I'm new to the group and to R language.
I've written some code (below) that achieves the desired result.
However, i'm aware that i'm reproducing lines of the same code which would surely be more efficiently coded using a for loop.
Also, there will be races with large numbers of horses so I really need to be able to run a for loop that runs through each horse.
ie. num_runners = NROW(my_new_data)
my_new_data holds data on horses previous races.
DaH is a numeric rating that is attached to each of a horse's previous runs with DaH1 being the most recent and DaH6 is six races back.
Code, a character, signifies the type of race that the horse competed in. ie.

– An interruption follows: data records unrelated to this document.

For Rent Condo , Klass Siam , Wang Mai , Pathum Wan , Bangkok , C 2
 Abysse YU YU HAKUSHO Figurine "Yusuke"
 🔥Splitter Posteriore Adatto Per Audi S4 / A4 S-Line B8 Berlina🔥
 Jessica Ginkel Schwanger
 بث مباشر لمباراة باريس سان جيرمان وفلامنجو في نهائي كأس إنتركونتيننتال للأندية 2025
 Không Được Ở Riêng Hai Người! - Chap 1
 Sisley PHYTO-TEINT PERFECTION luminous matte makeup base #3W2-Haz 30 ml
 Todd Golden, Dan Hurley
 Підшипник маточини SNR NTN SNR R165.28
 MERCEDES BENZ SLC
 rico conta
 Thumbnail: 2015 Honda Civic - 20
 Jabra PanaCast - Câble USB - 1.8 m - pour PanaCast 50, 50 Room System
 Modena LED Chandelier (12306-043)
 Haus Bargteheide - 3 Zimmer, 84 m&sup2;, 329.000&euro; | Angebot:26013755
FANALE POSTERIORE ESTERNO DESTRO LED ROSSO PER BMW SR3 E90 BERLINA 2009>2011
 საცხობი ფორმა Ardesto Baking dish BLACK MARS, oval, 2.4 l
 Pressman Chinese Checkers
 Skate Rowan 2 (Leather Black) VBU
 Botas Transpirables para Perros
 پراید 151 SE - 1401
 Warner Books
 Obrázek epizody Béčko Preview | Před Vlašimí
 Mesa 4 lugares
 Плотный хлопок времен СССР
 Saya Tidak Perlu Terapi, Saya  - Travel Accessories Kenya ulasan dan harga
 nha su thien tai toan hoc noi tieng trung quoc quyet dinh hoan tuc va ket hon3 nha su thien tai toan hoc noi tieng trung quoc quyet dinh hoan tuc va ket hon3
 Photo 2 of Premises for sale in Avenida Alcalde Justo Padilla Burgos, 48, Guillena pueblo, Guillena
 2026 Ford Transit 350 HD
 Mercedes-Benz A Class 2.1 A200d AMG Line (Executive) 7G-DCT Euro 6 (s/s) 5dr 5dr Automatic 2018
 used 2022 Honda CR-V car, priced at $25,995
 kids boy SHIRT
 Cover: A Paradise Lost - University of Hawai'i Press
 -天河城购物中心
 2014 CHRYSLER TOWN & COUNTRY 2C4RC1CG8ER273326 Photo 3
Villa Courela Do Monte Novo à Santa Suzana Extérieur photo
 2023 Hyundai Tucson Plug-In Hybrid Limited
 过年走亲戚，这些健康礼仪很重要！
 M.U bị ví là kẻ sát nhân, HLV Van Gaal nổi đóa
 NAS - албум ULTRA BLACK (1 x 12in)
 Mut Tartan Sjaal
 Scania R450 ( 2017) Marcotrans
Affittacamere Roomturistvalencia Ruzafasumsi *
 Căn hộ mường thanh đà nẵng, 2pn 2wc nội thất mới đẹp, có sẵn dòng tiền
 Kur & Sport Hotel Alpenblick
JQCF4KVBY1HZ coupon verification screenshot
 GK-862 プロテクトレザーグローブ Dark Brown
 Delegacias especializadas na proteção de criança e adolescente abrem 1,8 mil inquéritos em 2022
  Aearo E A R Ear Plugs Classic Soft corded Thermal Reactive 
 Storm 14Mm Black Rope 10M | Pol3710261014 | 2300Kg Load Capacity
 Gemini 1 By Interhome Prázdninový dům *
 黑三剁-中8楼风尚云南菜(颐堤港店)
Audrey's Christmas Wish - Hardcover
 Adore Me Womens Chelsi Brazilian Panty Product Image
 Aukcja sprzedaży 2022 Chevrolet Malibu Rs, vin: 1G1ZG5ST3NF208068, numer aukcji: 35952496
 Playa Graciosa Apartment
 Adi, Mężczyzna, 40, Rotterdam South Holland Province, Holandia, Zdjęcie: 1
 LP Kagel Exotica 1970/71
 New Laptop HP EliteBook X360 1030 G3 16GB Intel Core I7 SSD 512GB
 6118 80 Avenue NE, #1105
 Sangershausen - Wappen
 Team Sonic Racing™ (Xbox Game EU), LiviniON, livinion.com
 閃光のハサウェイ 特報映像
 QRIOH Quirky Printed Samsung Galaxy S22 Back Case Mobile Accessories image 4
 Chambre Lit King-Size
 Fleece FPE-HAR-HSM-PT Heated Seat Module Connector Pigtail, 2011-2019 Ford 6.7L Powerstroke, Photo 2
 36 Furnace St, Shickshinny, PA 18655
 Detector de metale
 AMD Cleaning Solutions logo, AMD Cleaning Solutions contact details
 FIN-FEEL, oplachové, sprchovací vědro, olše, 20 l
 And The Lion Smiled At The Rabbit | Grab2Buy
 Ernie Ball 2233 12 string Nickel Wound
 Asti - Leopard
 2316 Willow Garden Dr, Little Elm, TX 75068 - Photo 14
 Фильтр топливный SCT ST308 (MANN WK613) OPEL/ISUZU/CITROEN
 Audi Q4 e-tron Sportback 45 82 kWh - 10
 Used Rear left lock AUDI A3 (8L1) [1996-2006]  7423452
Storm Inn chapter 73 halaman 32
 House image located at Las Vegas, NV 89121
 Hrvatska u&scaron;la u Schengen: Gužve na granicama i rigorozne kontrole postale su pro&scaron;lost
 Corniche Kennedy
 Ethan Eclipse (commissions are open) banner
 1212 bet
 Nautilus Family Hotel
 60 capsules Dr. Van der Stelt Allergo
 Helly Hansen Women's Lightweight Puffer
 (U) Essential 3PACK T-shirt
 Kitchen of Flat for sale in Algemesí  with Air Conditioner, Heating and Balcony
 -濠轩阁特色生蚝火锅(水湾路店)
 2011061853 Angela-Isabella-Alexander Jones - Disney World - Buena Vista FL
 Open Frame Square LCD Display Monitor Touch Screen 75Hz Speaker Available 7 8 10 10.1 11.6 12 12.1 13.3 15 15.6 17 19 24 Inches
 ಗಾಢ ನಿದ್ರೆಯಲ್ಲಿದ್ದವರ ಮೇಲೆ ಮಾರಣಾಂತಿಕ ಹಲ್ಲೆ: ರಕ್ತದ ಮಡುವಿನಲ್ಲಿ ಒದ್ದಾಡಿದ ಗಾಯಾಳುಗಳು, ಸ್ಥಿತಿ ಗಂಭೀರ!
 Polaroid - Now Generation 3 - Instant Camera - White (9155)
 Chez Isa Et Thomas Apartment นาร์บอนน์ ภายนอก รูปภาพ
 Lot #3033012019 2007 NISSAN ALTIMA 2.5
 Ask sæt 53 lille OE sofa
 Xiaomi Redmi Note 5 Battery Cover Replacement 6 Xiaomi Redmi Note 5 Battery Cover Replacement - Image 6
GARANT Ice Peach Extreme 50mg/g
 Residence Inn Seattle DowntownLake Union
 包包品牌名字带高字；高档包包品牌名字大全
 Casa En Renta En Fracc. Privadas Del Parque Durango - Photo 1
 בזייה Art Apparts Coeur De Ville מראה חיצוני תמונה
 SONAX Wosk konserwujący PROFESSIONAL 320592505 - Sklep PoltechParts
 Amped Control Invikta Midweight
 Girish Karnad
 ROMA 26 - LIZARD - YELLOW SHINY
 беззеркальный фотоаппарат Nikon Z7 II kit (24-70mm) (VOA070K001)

Flat, Fences.
I have played with using for loops, ie. for(i in 1:6) without success.
Since I am assigning to a new horse each time I would hope something such as the following would work:
horse(i) = c(my_new_data$DaH1[i],my_new_data$DaH2[i],my_new_data$DaH3[i],my_new_data$DaH4[i],my_new_data$DaH5[i],my_new_data$DaH6[i])
But I know that horse(i) is not allowed.
Would my best strategy be to pre-define a dataframe of size: 6 rows and 6 columns
and use 2 for loops to populate [row][column]? Something like:
final_data[i,j]
Here is the code I am presently using which creates the dataframe racetest:
horse1 = c(my_new_data$DaH1[1],my_new_data$DaH2[1],my_new_data$DaH3[1],my_new_data$DaH4[1],my_new_data$DaH5[1],my_new_data$DaH6[1])
horse2 = c(my_new_data$DaH1[2],my_new_data$DaH2[2],my_new_data$DaH3[2],my_new_data$DaH4[2],my_new_data$DaH5[2],my_new_data$DaH6[2])
horse3 = c(my_new_data$DaH1[3],my_new_data$DaH2[3],my_new_data$DaH3[3],my_new_data$DaH4[3],my_new_data$DaH5[3],my_new_data$DaH6[3])
horse4 = c(my_new_data$DaH1[4],my_new_data$DaH2[4],my_new_data$DaH3[4],my_new_data$DaH4[4],my_new_data$DaH5[4],my_new_data$DaH6[4])
horse5 = c(my_new_data$DaH1[5],my_new_data$DaH2[5],my_new_data$DaH3[5],my_new_data$DaH4[5],my_new_data$DaH5[5],my_new_data$DaH6[5])
horse6 = c(my_new_data$DaH1[6],my_new_data$DaH2[6],my_new_data$DaH3[6],my_new_data$DaH4[6],my_new_data$DaH5[6],my_new_data$DaH6[6])
horse1.code = c(my_new_data$Code1[1],my_new_data$Code2[1],my_new_data$Code3[1],my_new_data$Code4[1],my_new_data$Code5[1],my_new_data$Code6[1])
horse2.code = c(my_new_data$Code1[2],my_new_data$Code2[2],my_new_data$Code3[2],my_new_data$Code4[2],my_new_data$Code5[2],my_new_data$Code6[2])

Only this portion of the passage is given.